Sur quel pied danser

Film français de Calori et Testut

Avec Pauline Etienne, Julie Victor, Olivier Chantreau, François Morel, Loïc Corbery





Par Henri Lanoë
 
Sortie le 06-07-2016

Durée: 1h25

 

Paroles sans musique

Que deux jeunes réalisateurs issus de la Femis s’associent pour nous proposer une comédie musicale (et sociale) est plutôt une bonne nouvelle, d’autant plus rare quand on voit combien les premiers films actuels sont généralement suggérés par les souvenirs de l’enfance et de la vie familiale, premières amours, premiers chagrins et premiers échecs dans la recherche d’un emploi… Cette source d’inspiration est assez normale au sortir de l’adolescence, mais l’actuelle production française de 250 films par an (dont la moitié composée de téléfilms qui passent en salle une semaine pour obtenir le visa « cinéma », donc la diffusion en prime time) crée inévitablement une sensation de déjà-vu pour un public qui se lasse de ces histoires trop souvent identiques.

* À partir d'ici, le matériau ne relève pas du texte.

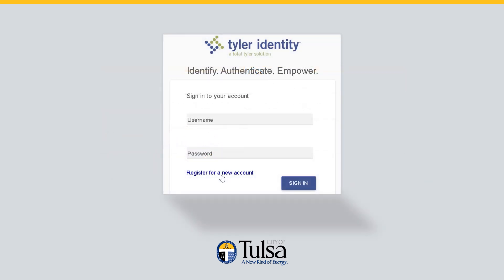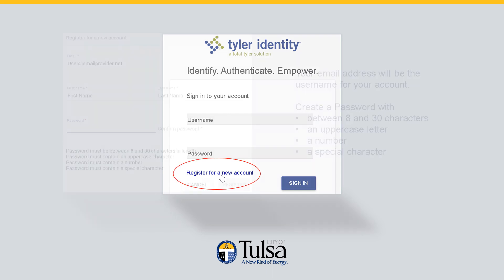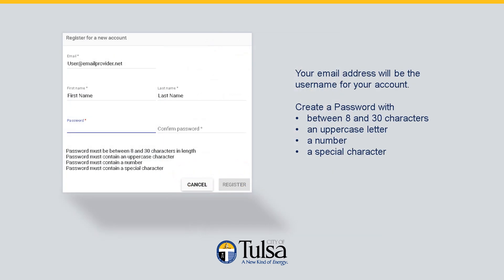On the Tyler Identity page, select Register for a new account. The email you enter will be the username for your account. Enter your first and last name, then create a password. Your password must be between 8 and 30 characters long. It must also contain an uppercase letter, a number, and a special character. You will need this password for future use, so make sure it's memorable to you. Select Register.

Voilà donc une des raisons d’apprécier la hardiesse de Paul Calon et Kostia Testut qui, abandonnant la filière des souvenirs de jeunesse ont tenté de renouveler la comédie musicale en contournant les passages obligés que le cinéma américain a institué dans ses films d’entertainment : vague intrigue sentimentale entre stars de la danse et du chant, milieu du show-biz, ballets admirables dans des décors somptueux. Ces spectacles, initiés par le talent du prodigieux Busby Berkeley durant les années 30 à 50, ont propulsé les carrières de Fred Astaire, Stanley Donen, Vincente MInelli, Gene Kelly, Bob Fosse, entre autres, dont les films demeurent toujours des classiques. Mais en 1961, West Side Story de Robert Wise et Jérôme Robbins révolutionne le genre en délaissant Broadway et le milieu du show-biz pour faire danser et chanter dans des rues réelles de New-York deux bandes rivales de jeunes immigrés.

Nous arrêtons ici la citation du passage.